Sunday, February 25, 2007
It's not hard to be a fan of Alpine ski racer Caroline Lalive.
During her racing career, she has shown more courage than a rodeo cowboy. She has shown the ability to bounce back like a basketball and has done it all with the heart and determination of an Olympic champion, something she has dreamed of becoming since she was a child.
While still chasing that elusive Olympic medal, she has been a member of the U.S. Ski Team for almost as long as I've known her. During that time, she has posted top international results and has been to the Winter Olympic Games twice.
But last month marked an anniversary that Lalive would just as soon forget. It's not the type of anniversary you celebrate.
The anniversary marked a year since an injury put Lalive's ski racing career on hold. It kept her out of the 2006 Winter Olympics in Italy and has kept her on the bench this season as well.
"I think this is the longest I've ever gone without ski racing," Lalive said.
So instead of amazing us all by racing down steep slopes at heart-stopping speeds, Lalive has spent this season recovering and reflecting on what it all means.
"It's scary," Lalive said. "I've spent my entire life ski racing.
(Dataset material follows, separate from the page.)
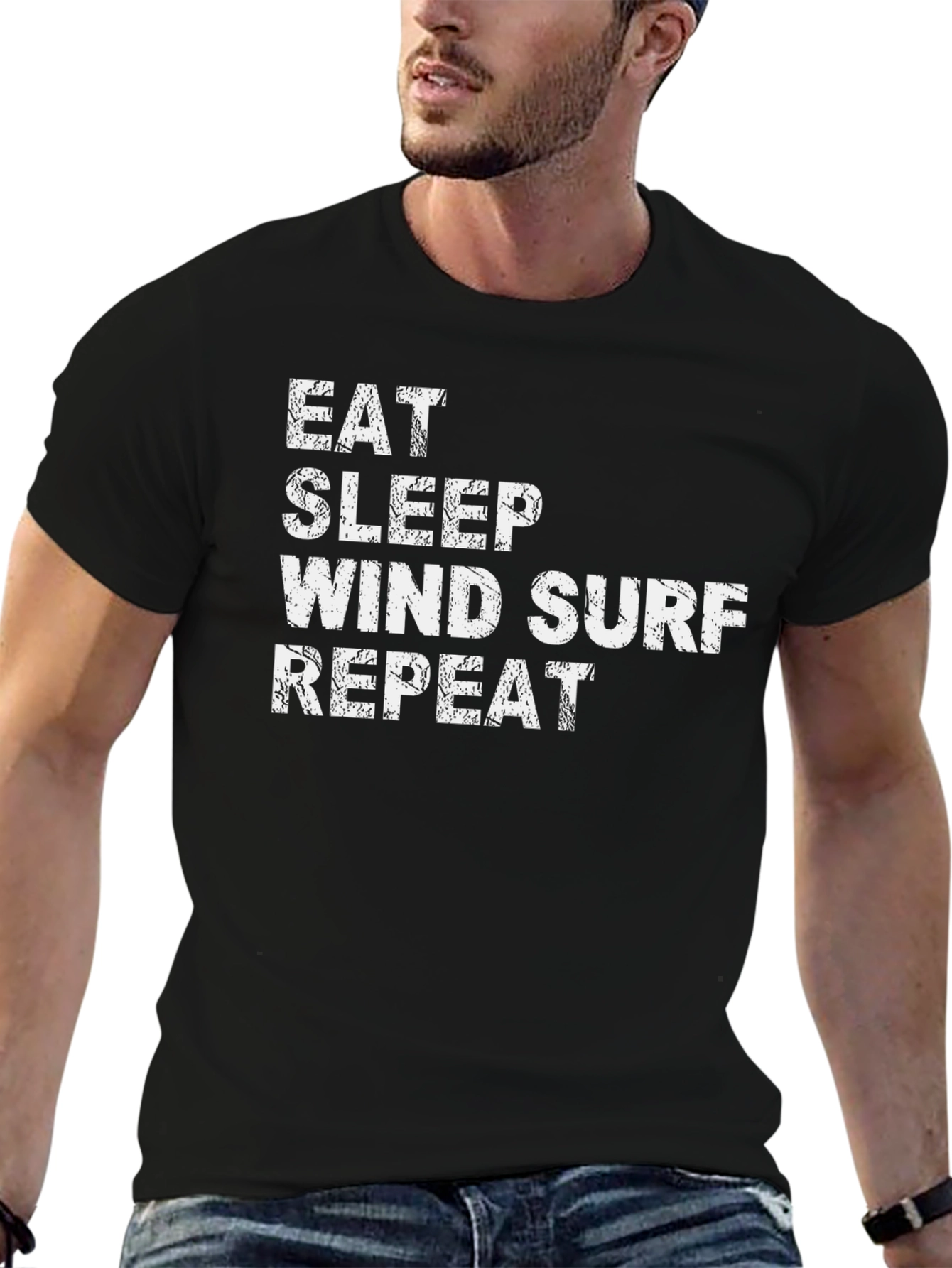Eat Sleep Wind Surf Repeat T-Shirt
It's not just something that I do - It's who I am."
Last year, when Lalive was injured, she was forced to look beyond ski racing and forced to find her identity outside of the sport.
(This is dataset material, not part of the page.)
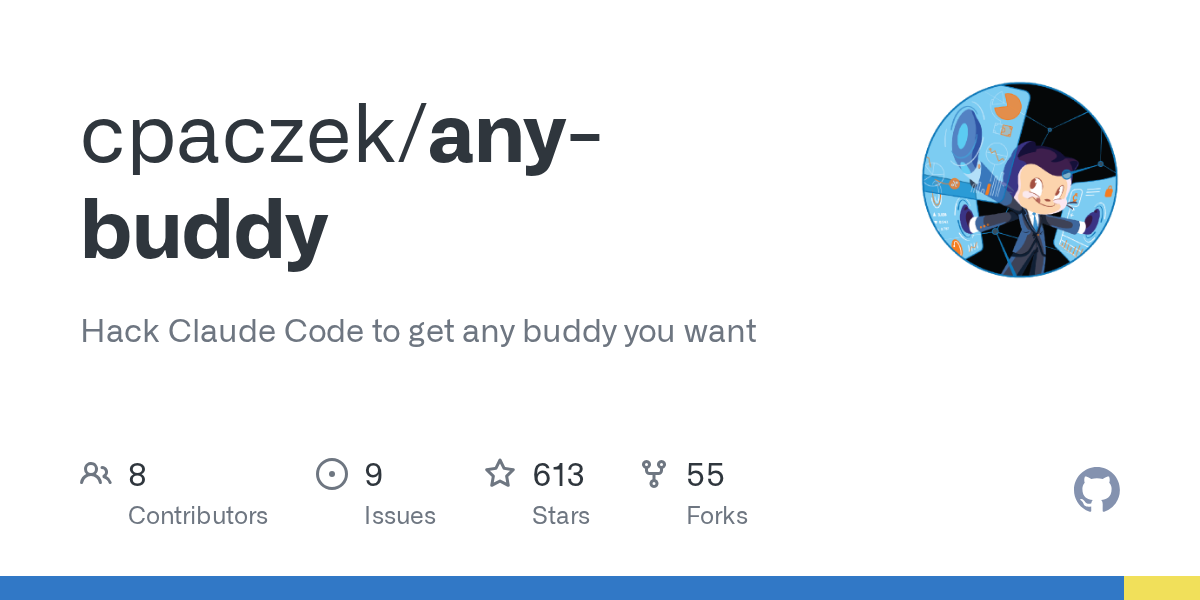 Any Buddy — Development skill for Claude Code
"I had to consider what life is going to be like without ski racing," she said.
It wasn't easy for Lalive, who started skiing at the age of 2. She has lived most of her life on the slopes, and it is a huge part of who she is.
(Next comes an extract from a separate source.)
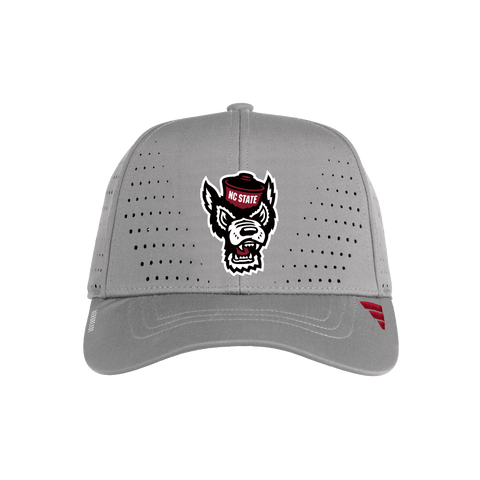 NC State Wolfpack Adidas Grey Wolfhead Structured Laser Performance Adjustable Hat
I've known Lalive as a ski racer since before she was named to the U.S. Ski Team. But it's the things she has done off the slopes that have impressed me the most.
During my career, I've learned that athletes are always polite and cheery when things are going smoothly. But if you want to see the athlete's true character, you have to talk to them at the bad times.
During the years, I've watched Lalive bounce back from a number of serious injuries, I've seen her overcome Olympic disappointment, and I've watched her do it all with a smile on her face.
After missing her third chance in 2007, she could have spent the past year sitting around sulking.
Instead, Lalive embraced the chance to expand her life outside of ski racing.
These days, she spends her time coaching at the Steamboat Springs Winter Sports Club, expanding her mind in the classroom and working to get back on the slopes.
Maybe that's one of the reasons I'll be cheering for the Steamboat Springs racer when she returns to the slopes.